Location
- Trevithick Road Plymouth, Devon, PL5 2AF England
- Coordinates: 50°24′22″N 4°10′33″W﻿ / ﻿50.40617°N 4.17577°W

Information
- Type: Academy
- Department for Education URN: 147967 Tables
- Ofsted: Reports
- Principal: Jennifer Brimming
- Gender: Mixed
- Age: 3 to 19
- Houses: Pegasus; Kraken; Phoenix; Griffin;
- Publication: MAPNews
- Website: www.marineacademy.org.uk

= Marine Academy Plymouth =

Marine Academy Plymouth (formerly Tamarside Community College) is a mixed all-through school located in the King's Tamerton area of Plymouth in the English county of Devon. The school includes a nursery, primary, secondary and sixth form section.

Previously a community school administered by Plymouth City Council, Tamarside Community College was converted to academy status on 1 September 2010 and was renamed Marine Academy Plymouth. As an academy the school is sponsored by Plymouth University, Cornwall College and Plymouth City Council.

==Academics==
Marine Academy Plymouth offers GCSEs and BTECs as programmes of study for pupils, while students in the sixth form have the option to study from a range of A-levels, Cambridge Nationals and further BTECs. The school also offers some vocational courses in conjunction with Cornwall College.

==School buildings==
- Escher; named after M. C. Escher, the Dutch graphic artist. The upper floor of the building houses the Art, Technology and Catering classrooms whilst the ground floor includes Maths and English classrooms.
- New Build; the new building opened in 2013 and features three floors with each floor being designated a 'Learning Area'. The top floor is the Humanities and Languages area however the classrooms are also used for Health & Social Care lessons. The ELC (Effective Learning Centre) is also situated on this floor. The first floor consists of mainly English & Science classrooms however this floor also houses many offices including Technicians, Finance and the Principal's office. On the Ground floor you can find the Academies Area consisting of ICT, Business and the Beauty Salon. The Library, Canteen and Performing Arts Classrooms and Theatre are also situated on this floor.
- Sports Complex; Built in 1991 the Complex is equipped with a large Sports Hall and a Gym. Many community based activities are also held within the Complex. When needed the Sports Hall will also double as an Exam Hall for GCSE & A Level examinations.

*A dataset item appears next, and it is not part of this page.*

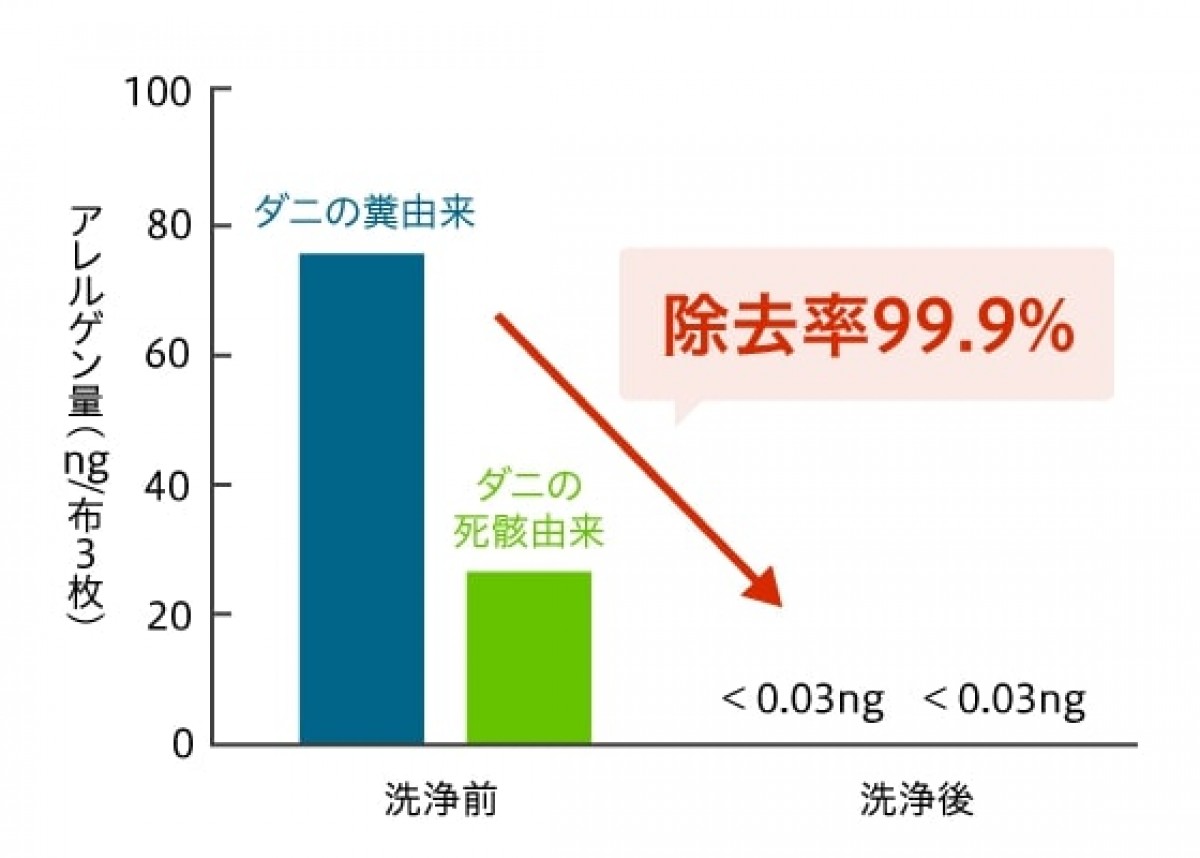 2024.12.30枕の洗濯方法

==Marine Academy Primary (MAP2)==
Marine Academy Primary is part of the first all-through school in Plymouth. Until Easter 2014 MAP2 was based in the remaining 1930s buildings after the new buildings were created for the Secondary side of the school. When the pupils returned after the Easter Holidays the newly created Marine Academy Primary building based south of the main campus was opened. Part of this new building is shared with the Sixth Form.